The Federal Trade Commission (FTC) sad it had dropped its antitrust complaint against the company after the US Supreme Court declined to review a lower court ruling which found that the watchdog was unable to go after a compensation claim for patients treated with the drug.

Last September, a federal appeals court threw out an earlier district court order that would have required AbbVie and partner company Besins Healthcare to pay $494 million for conspiring to keep generic versions of the blockbuster product off the market.

The appeals court said the lower court had overstepped its authority in ordering the payment – the largest ever awarded as a result of a litigated FTC antitrust case – but said it had correctly found that AbbVie and Besins maintained a monopoly by filing illegal and "baseless" patent infringement lawsuit against potential generic competitors from Perrigo and Teva.

FTC's acting director of competition, Holly Vedova, said the regulator was "deeply disappointed" at not to be able to compensate "the victims of AbbVie's and Besins' anticompetitive conduct", and called for legislation to reinstate its authority to seek monetary relief from transgressors.

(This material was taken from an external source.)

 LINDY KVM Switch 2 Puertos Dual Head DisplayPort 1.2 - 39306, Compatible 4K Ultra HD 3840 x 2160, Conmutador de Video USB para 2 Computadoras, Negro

"The FTC would have been able to return almost a half billion dollars directly to AndroGel consumers," she added. "Instead, AbbVie and Besins can retain all of the ill-gotten gains resulting from their illegal anticompetitive conduct."

The case dates back to 2014, when the FTC filed a complaint against the two companies over their actions, which also alleged that AbbVie made an illegal 'reverse payment' to settle a patent infringement lawsuit against generic drugmaker Teva.

That settlement involved allowing Teva to launch a generic competitor to a much smaller cholesterol-lowering drug Tricor (fenofibrate) if it agreed to delay introducing a challenger to AndroGel.

The appeals court judgment reinstated the FTC's reverse payment claim as well as the sham litigation claim, which the regulator described as "two important legal victories that protect competition in pharmaceutical markets".

Since the initial filing of the lawsuit, generic AndroGel products have entered the market from multiple generic producers, so patients now benefit from competition to reduce pricing.

AbbVie and Teva are also subject to FTC orders preventing them from entering into certain reverse-payment settlements.

At its peak, AndroGel was making upwards of $1.1 billion a year for AbbVie's former parent Abbott, before generics started to arrive on the US market in 2015.